Whatever our age, there is a cluster of people with certain names that are seldom repeated within other generations. For example, I am Carole, a name common to my generation, much less so to younger people, and rarely given to new babies now. As a result, we often find ourselves having friends with the same names. That does not mean those people are the same as each other. For example, take three of my friends named Judy, only one of which uses her given name, Judith. I’ll refer to them as Judy A, Judith B, and Judy C.
Judy A is my newest friend. We occasionally comment to each other that, at our age, it is uncommon to make new friends and we are greatly appreciating the fun of it. Technically, we’ve known each other for several years because of our membership in a local organization, the Beverly Democrats. Until a few months ago, when we were present at a fundraiser for a local politician, we had never actually had a conversation. In September, we happened to sit at the same table and started to chat. I have no idea what makes the difference between polite, somewhat dull exchanges and something else, apparently similar on the surface, but sparked with life and vitality, but that happened for us. It’s somewhat like the difference between dead and alive, perhaps not observable at a quick glance, but completely and distinctly different.
We quickly discovered that we each had an interest in writing, though hers had been lifelong and mine was relatively new, or, at least so I believed then. What fascinated me was that, clearly, we were each touched similarly during that first conversation, each recognizing the spark in it, the vibrancy. After monopolizing each other’s company for the better part of the evening, we finally set a time to meet for coffee in a local cafe two weeks later. Then we expanded our conversation, wondering aloud whether we would soon run out of topics. Neither of us thought so. We’ve continued to meet every couple of weeks, both absorbed by this new and growing friendship. The future remains uncertain, but fully inviting and growing.
Judith B has been a friend for several years, brought together by two completely unrelated activities. We each enjoy a dance class offered by a local senior center, called by its teacher, Dance for Joy. And it is! Not designed for perfect bodies or for an audience, it is simply moving to music in ways that stretch the body and lift the spirit. Additionally, Judith is a sister climate protester. The joy and spirit that she displays in dance class is present during protesting, as well, adding to the mutual joy that we experience together. There’s even a third component that connects us. Judith is a performing artist, a story-teller, which I often share by being in her audience. She not only uses her voice, but also her sass and creative costuming, to convey the essence of strong women and imminent climate disaster. Now, she doesn’t perform both subjects simultaneously, but on different occasions; however, they are her two preferred topics, as they are mine.
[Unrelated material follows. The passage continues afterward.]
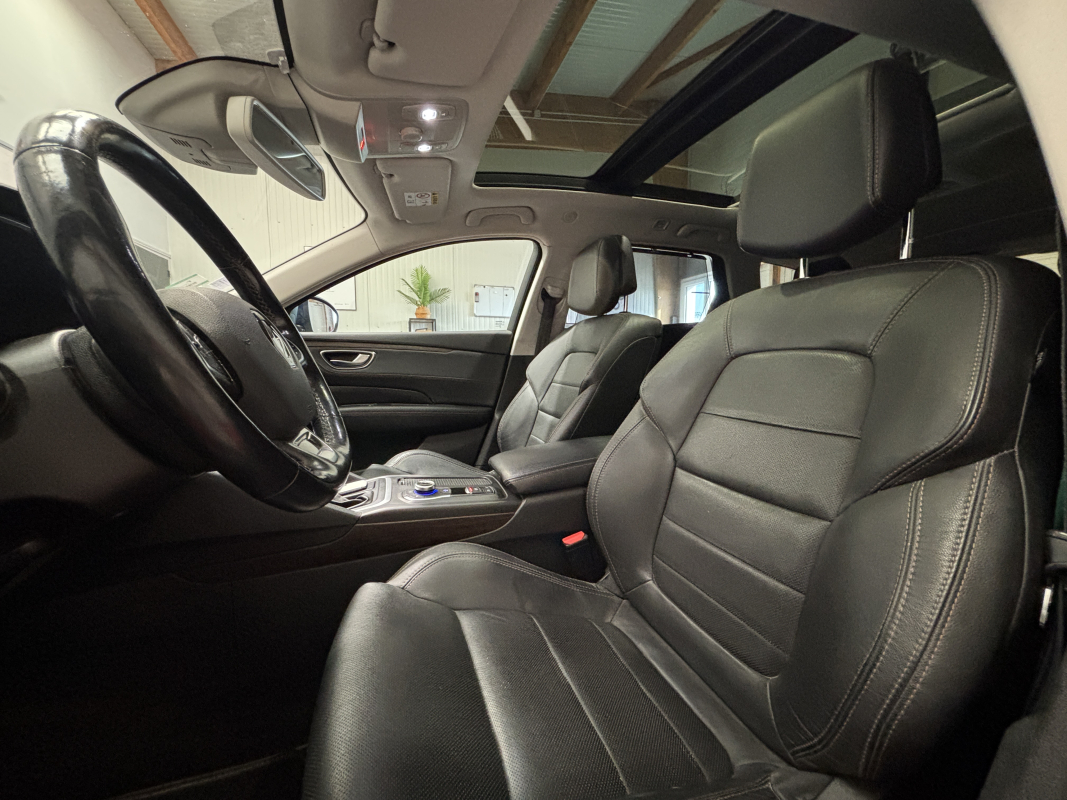 Renault Talisman Estate — 12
Judith B has just extended an invitation to me to participate with her in a skit next Wednesday, to display opposition to a proposed local power plant. I surprised myself by agreeing! In it, I’ll be portraying the ‘bad guy’ or actually, in this case, the ‘bad woman,’ an official who is in a position to interfere, but who has chosen not to. I’ll be standing behind a full size cut-out of this Climate Katie, and will recite her lines, in response to another cut-out. My friend, Judith B, will portray an average citizen, repeating, “You’re not listening to us!” So, my friendship with Judith B is gaining another dimension.
Judy C is last, but certainly not least. She is from a different time in my life, about forty years ago. Not long after college, I started a new job in Pennsylvania, in a hospital, as an ultrasound technician. Judy started only two weeks later, but somehow, always looked to me as the expert, whenever she was in doubt or had a question. We were both single then and quickly became good friends. I worked in that department for several years, then moved on to another business as a systems analyst. We remained friends, and, finally, I decided to move back to Massachusetts. We anticipated that we would visit back and forth after my move, and she took a planned vacation with her boyfriend immediately before my relocation.
The day after my move, I received a call from a mutual friend, who asked me to sit down. “Judy,” she said, “was killed in an accident on her way home, by a tractor-trailer that Jack-knifed, her boyfriend with her. I’m so sorry.”
I couldn’t believe it, couldn’t imagine that she was gone, that I would never see her again. My shock increased the next day when I took in my mail. There was a postcard from Judy, that began, “I can’t believe that you’re not here!”
Although it happened decades ago, in my mind I see the postcard as if it were in my hand right now, her handwriting distinctive. Other than my mother’s and my husband’s, there is no other handwriting that is so instantly recognizable to me. I will never forget it. Or, Judy C. That friendship is frozen in time, preserved forever.